— EXERCISE PROMPT —
Could you output each line below precisely as it stands, without the images?

— SOURCE MATERIAL —
•••
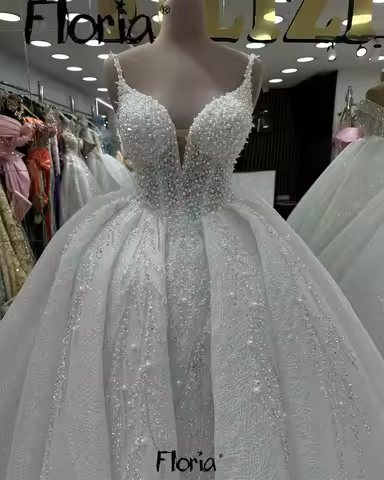 Ball Gown White Straps Wedding Dress Sweetheart Pearls Luxury Bridal Gowns 2025 Princess Wedding Gow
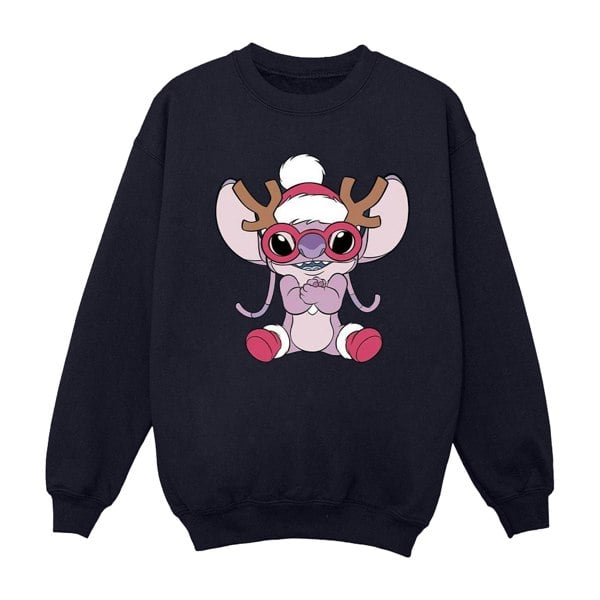 Disney Girls Lilo & Stitch Angel Reindeer Sweatshirt - Navy Blue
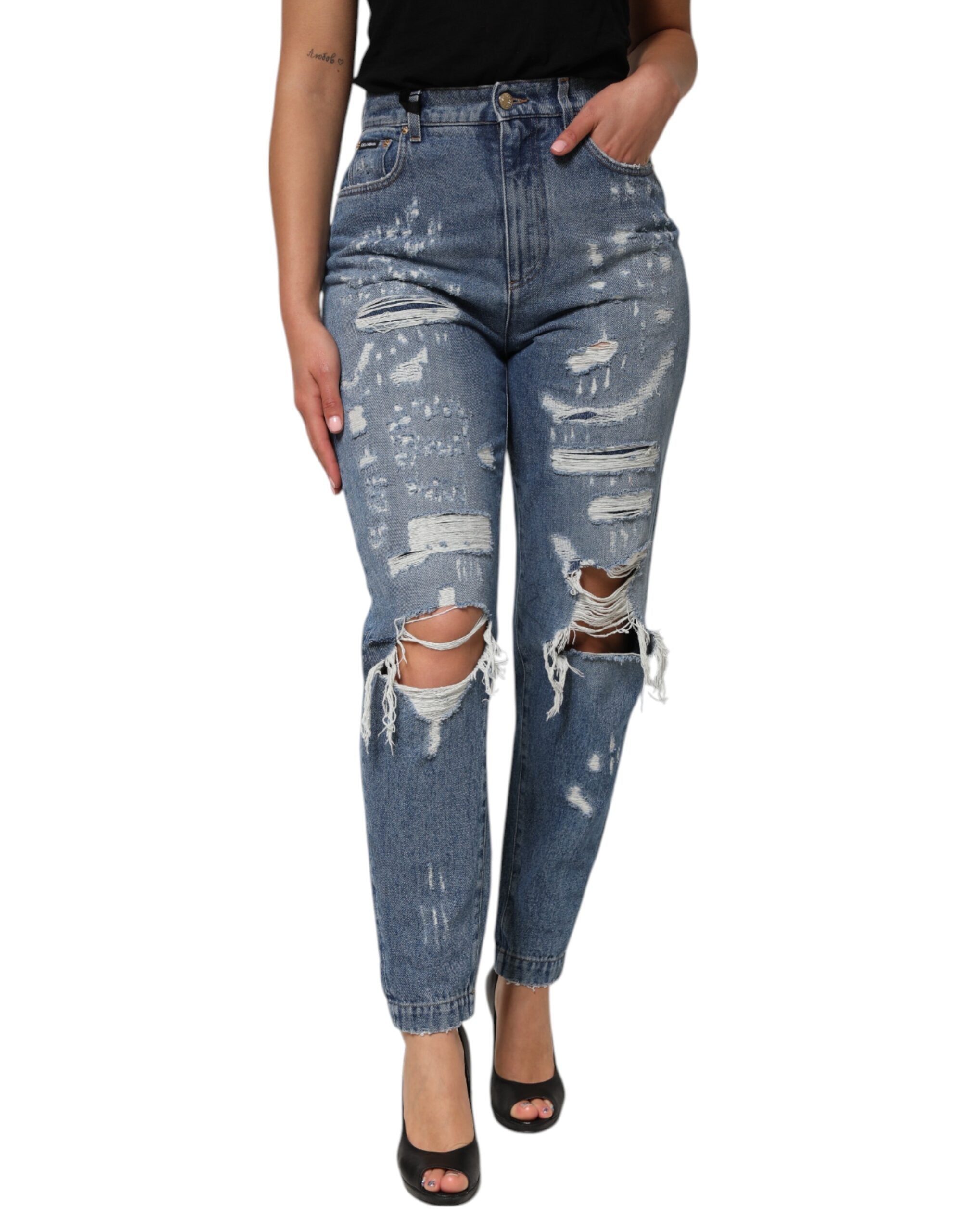 Blå trasiga högmidjade denimjeans för kvinnor
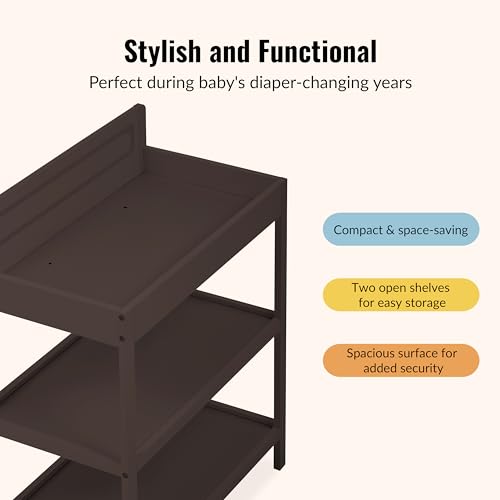 Image of Dream On Me Avery Baby Changing Table with Storage, New Zealand Pinewood, BSA Safety Certified, 2 Open Shelves, Water-Based Finish, Compact Space-Saving Nursery Design, Chocolate Chip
•••
— RESPONSE —
 Ball Gown White Straps Wedding Dress Sweetheart Pearls Luxury Bridal Gowns 2025 Princess Wedding Gow
 Disney Girls Lilo & Stitch Angel Reindeer Sweatshirt - Navy Blue
 Blå trasiga högmidjade denimjeans för kvinnor
 Image of Dream On Me Avery Baby Changing Table with Storage, New Zealand Pinewood, BSA Safety Certified, 2 Open Shelves, Water-Based Finish, Compact Space-Saving Nursery Design, Chocolate Chip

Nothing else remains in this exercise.